◆ INSTRUCTIONS TO FOLLOW
Each line from the one that has "white modern apartment" through the end of the entries below must be written out exactly; leave out all other lines.

#### MATERIALS PROVIDED ####

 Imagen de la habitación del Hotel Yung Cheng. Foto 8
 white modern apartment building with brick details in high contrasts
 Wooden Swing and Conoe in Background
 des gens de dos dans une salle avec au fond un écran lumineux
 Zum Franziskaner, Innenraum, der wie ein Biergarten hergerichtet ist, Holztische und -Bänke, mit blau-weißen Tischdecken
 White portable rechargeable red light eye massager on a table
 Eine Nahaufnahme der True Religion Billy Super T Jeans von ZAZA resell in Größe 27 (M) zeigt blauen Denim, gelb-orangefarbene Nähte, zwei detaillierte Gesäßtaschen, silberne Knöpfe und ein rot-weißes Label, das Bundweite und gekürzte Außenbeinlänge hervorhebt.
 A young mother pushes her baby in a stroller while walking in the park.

####

◆ SOLVED PROBLEM
 white modern apartment building with brick details in high contrasts
 Wooden Swing and Conoe in Background
 des gens de dos dans une salle avec au fond un écran lumineux
 Zum Franziskaner, Innenraum, der wie ein Biergarten hergerichtet ist, Holztische und -Bänke, mit blau-weißen Tischdecken
 White portable rechargeable red light eye massager on a table
 Eine Nahaufnahme der True Religion Billy Super T Jeans von ZAZA resell in Größe 27 (M) zeigt blauen Denim, gelb-orangefarbene Nähte, zwei detaillierte Gesäßtaschen, silberne Knöpfe und ein rot-weißes Label, das Bundweite und gekürzte Außenbeinlänge hervorhebt.
 A young mother pushes her baby in a stroller while walking in the park.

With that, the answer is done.